La Punaise (or Circle) Junction
A Punaise junction, loosely translated as a “Pinhead” junction or circle junction is something rare in the UK but very much a standard feature where quiet residential access streets meet in some other European countries. So how can we build them here cost effectively?
In the UK perhaps the most famous example is Poynton in Cheshire where around 27,000 vehicles a day mingle in what has become popularly known as “Shared Space”. However the main application of this sort of arrangement, quiet streets, seems curiously absent from most of our housing estates.
A Punaise works by creating something that looks like a roundabout but lacks the formality of highway markings. The theory is that certainty and formality equals higher speeds, informality and uncertainty equals lower speeds. Whether this really works in high traffic environments is up for debate, but in the heart of residential neighbourhoods it not only works well but looks pretty good too.
Ironically we seem to be in a situation in the UK where you are more likely to come across a Punaise in a busy heavily trafficked town centre than you are in the context it was originally developed for.
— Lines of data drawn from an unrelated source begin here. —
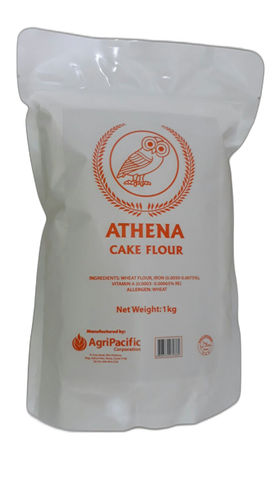 Athena Cake Flour 1kg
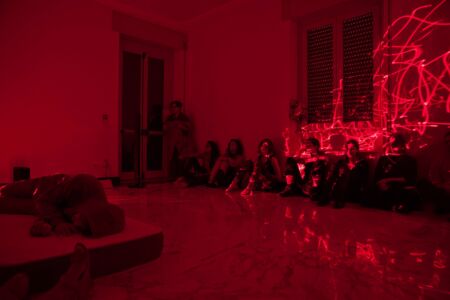 (©MAXXI_MoveTheMuseum)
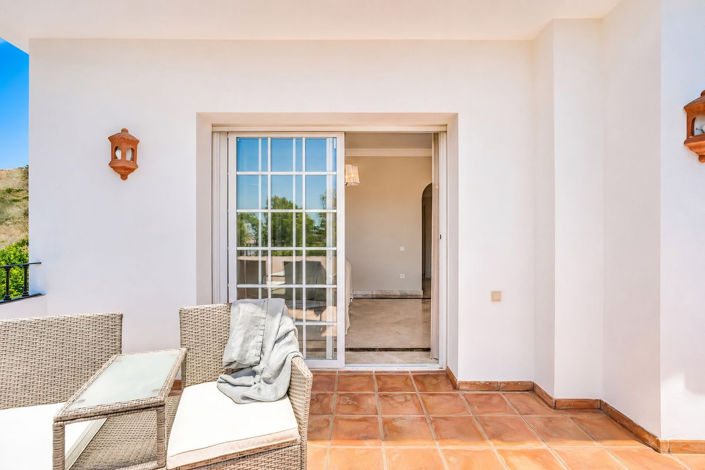 Image No.38-Jumelé de 4 chambres à vendre à Marbella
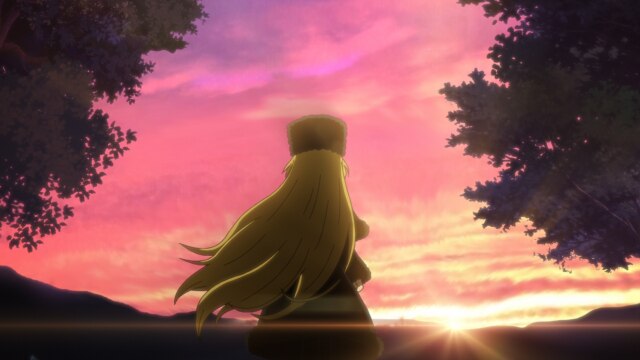 #26 タイジュと銀河鉄道の少女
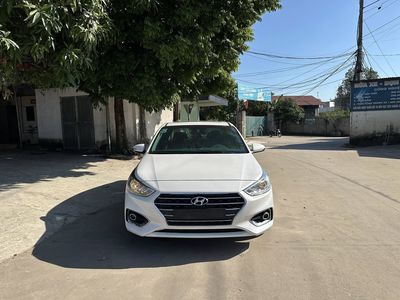 Hyundai Accent 2020 1.4 ATH - 80000 km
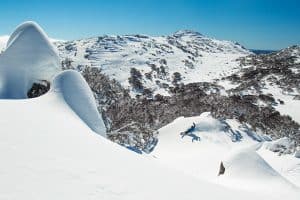 Mountainwatch Guide To Perisher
There are some great, albeit rare, examples of residential Punaise in the UK. Typically they are constructed from concrete blocks and therein lies the problem, they look great but are perceived as expensive both to build and to maintain.
Whereas some local authorities are prepared to take a hit on costs for a town centre site, for residential streets whether for their own schemes or new housing developments cost is king. Concern over future maintenance spend is at an all time high with UK Highway Authorities who in some cases are busy withdrawing any road adoption standards that allow anything other than Asphalt “Blacktop”. Coming up with hard wearing designs which look good but use a limited palate of cheap materials is arguably one of the big challenges for Landscape Architects at the moment.
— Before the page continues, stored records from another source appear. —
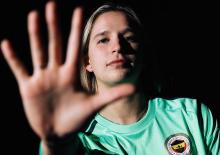 Fenerbah&ccedil;e Paraguaylı kaleciyi a&ccedil;ıkladı!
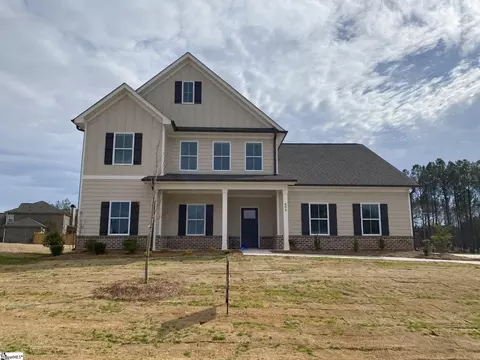 603 Still Wood Trl, Fountain Inn, SC 29644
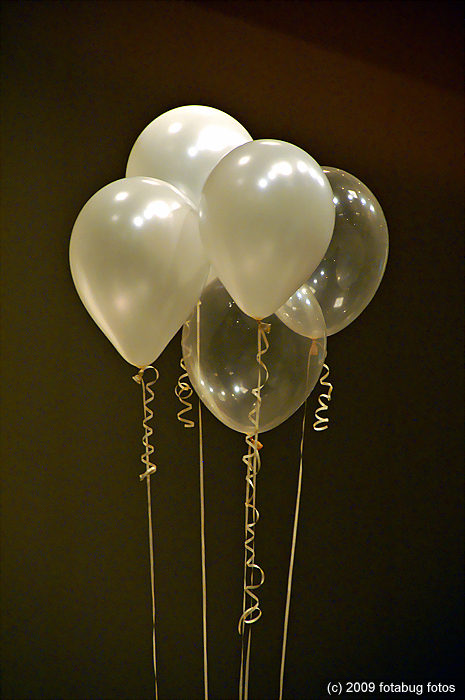 Cause for celebration - 48th anniversary!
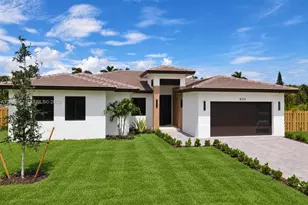 8211 SW 193rd Terrace, Cutler Bay, FL 33157 - Photo 1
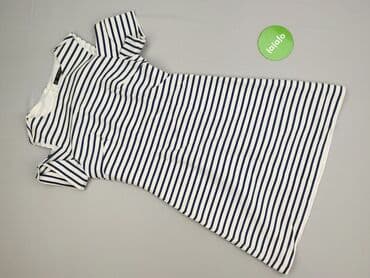 biala sukienka: Zara, Sukienka damska, S — 2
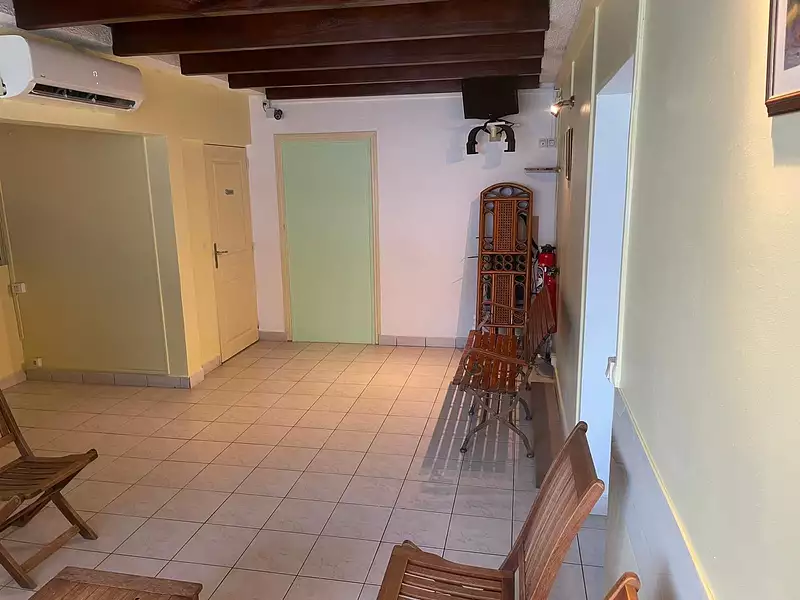 Divers, 53,5 m²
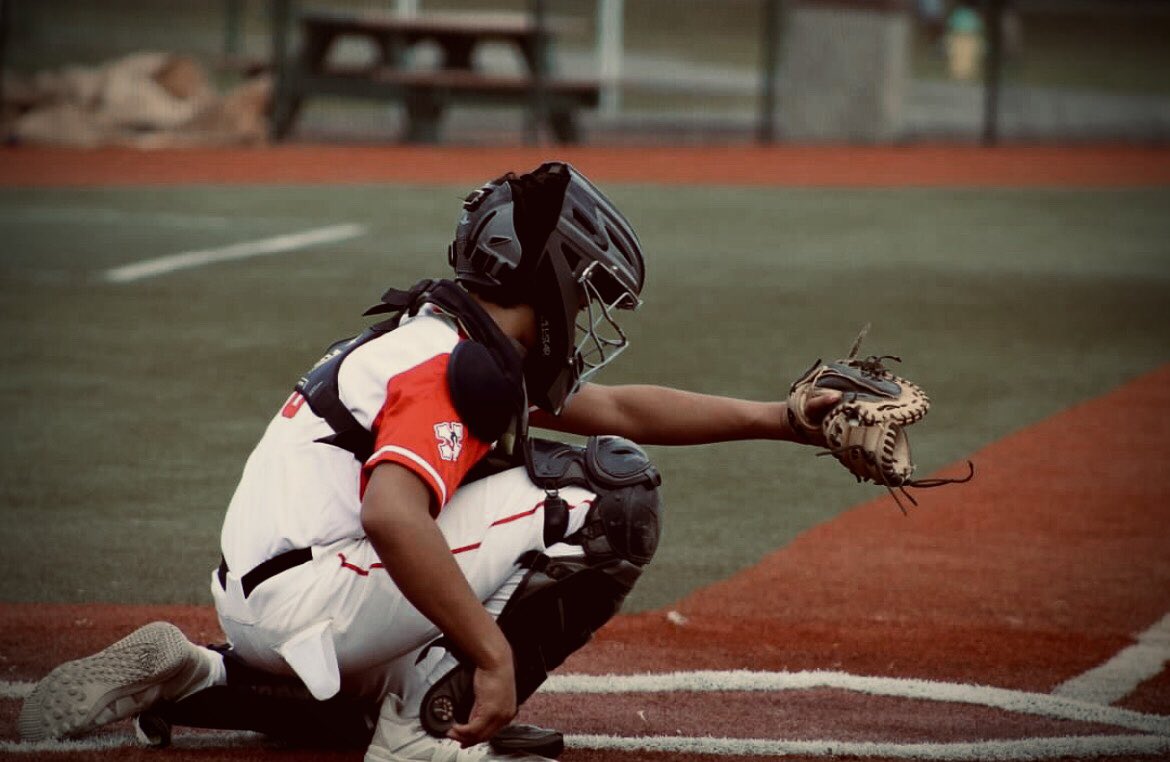 Saints come out on top 6-1 over Greenville HS (TN) to kick off spring training in Myrtle Beach, SC. Pitching was dominant with starter Drew Norton (6 IP, 1 BB, 8 K’s) and and closer Aiden Potholm leading the team to a win.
Developments in Newcastle-Upon-Tyne may point towards a solution. Newcastle City Council Engineers together with Sustrans visited The Netherlands back in 2014 and one of the projects to emerge is installation of a series of Punaise junctions in the inner-urban suburb of Jesmond.
Newcastle are on site at the moment and intend to construct the Punaise on top of raised junction tables (Punaise und Drempel in Dutch). With cost and maintenance high up the agenda they’ll be building the tables from red chipped asphalt and then creating the circles using either highway paint or an anti-skid surface treatment. Another Newcastle project which might point to an even harder wearing solution is a shopping area where they’ve created designs on the carriageway using different coloured chippings.
An even cheaper and perhaps temporary solution is creating standalone Punaise using standard highway paint. This design photographed in The Netherlands isn’t intended to be permanent but when a quick cheap fix is needed then it’s easy to see this working in the UK (they might insist on different coloured paint).
We are a long way away from local Councillors and Engineers being aware of solutions like this when they try and fix issues in their residential areas. However if we can come up with cost effective designs in new housing schemes then we’ll create the all important local examples that can gradually lift the quality of design in existing neighbourhoods. If you’re working on access streets and feel tempted to start painting “give-way lines”, think again and look for a low speed solution, which might well be a Punaise.